I wrote the first couple of tracks that I thought sounded good using a MIDI synth and a Macintosh back the summer after my freshman year of high school and during my sophomore year. That was 1993 and 1994. And I’ve played at Digital Showcases tracks I made in 1996, during my very first semester of college. (I remember specifically because they were written for a girlfriend who heard one of them while still my girlfriend and then broke up with me before getting to hear the second one.) Anyway. I work slowly. But my work spans a good portion of my life.

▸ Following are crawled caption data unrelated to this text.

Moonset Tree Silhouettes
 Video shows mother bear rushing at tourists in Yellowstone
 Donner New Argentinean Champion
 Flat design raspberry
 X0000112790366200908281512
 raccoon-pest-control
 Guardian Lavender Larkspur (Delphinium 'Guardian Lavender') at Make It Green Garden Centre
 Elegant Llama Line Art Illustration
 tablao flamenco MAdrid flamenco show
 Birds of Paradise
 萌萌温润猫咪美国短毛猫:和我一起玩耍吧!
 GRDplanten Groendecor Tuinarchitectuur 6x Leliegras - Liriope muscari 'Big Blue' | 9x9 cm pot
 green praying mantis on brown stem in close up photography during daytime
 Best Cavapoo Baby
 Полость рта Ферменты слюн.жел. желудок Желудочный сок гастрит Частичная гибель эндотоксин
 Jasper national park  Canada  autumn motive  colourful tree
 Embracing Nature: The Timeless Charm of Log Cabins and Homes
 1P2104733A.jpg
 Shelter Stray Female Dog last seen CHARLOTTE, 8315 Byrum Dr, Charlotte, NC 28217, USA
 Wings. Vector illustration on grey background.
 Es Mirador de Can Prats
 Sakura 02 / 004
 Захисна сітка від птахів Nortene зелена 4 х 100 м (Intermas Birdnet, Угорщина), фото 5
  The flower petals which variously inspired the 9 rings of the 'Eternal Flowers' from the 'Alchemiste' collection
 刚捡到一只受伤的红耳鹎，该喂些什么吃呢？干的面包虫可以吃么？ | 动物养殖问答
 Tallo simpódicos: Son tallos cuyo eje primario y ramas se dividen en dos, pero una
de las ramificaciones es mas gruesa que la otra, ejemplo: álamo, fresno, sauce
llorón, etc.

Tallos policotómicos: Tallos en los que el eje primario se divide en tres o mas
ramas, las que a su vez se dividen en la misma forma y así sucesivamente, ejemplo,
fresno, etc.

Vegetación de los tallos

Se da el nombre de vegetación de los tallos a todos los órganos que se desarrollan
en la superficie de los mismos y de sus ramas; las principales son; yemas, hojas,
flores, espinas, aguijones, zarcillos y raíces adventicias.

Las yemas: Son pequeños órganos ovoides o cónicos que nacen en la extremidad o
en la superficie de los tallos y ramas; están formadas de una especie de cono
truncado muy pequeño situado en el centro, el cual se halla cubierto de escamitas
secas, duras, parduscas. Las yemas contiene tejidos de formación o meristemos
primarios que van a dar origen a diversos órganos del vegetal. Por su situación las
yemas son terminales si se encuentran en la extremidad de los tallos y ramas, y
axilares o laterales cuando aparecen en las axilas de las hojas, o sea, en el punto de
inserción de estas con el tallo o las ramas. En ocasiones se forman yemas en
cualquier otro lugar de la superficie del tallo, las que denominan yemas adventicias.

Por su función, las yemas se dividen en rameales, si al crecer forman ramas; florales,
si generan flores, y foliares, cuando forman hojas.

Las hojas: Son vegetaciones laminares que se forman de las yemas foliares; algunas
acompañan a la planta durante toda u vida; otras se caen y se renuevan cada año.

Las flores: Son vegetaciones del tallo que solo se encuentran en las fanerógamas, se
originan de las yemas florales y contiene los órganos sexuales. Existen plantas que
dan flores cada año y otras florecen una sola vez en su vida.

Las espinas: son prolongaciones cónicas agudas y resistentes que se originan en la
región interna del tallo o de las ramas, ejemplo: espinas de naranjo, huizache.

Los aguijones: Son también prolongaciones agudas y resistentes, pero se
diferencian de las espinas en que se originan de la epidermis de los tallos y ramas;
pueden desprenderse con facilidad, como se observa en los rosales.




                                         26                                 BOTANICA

I actually got my first MIDI-enabled keyboard as a sort of accidental gift from my grandparents one year, Christmas when I was in the seventh grade. It was a crappy keyboard which had MIDI capabilities for no good reason. Happened that the guy across teh street from us had a huge electronic music set-up in his basement, with a Mac SE-30 (hot shit at the time), a couple Ensoniq samplers, and various other things I didn’t know about. Kelly Hodges was his name. I remember him pushing a disk into the Ensoniq and making big helicopter sounds all over this place. Anyway, he gave me the info about buying a MIDI converter (and some software), and I had fortunately just saved up for and bought my own Macintosh Classic. So there I was. Completely accidental on all fronts, really.

So I doodled with that set-up for a couple years before saving up for a bigger keyboard which was still rather amateur (had built in speakers — that’s the clue), but had an internal sequencer, some simple effects (reverb and chorus), and 255 instrument presets (and some wacky knob-mixer thing) — and 64 drum sounds. That cost several hundred dollars — a chuck for an eight-grader. Not professional-grade by any stretch. Not even that great, really, but it had enough to get me through high school. That, some old headphones, and a cassette deck with a mic-input, and I was set to go.

I remember putting together a little comp of stuff I’d been working on — probably about an hours worth — for Zane May of my freshman year. I don’t exactly know why. Just for fun, I guess. I did that, and I guess I made a second copy which I happened to have on me the last day of school. I remember vividly getting a ride home from Lee Whorley with Sean Owen in the car and — I think — Jennifer. Maybe Falana White or Hollie Hernandez. Anyway, somehow my dorky little cassette ended up in the stereo.

So Sean must have liked what he heard, because it turned out that he had his own little synth and that summer we got together once at my house and then at his house a bunch of times to hook it all up and see what happened. I remember having a messy room and having my mom set up a tray table for Sean and his keyboard. She probably loved it. Sean seemed uncomfortable.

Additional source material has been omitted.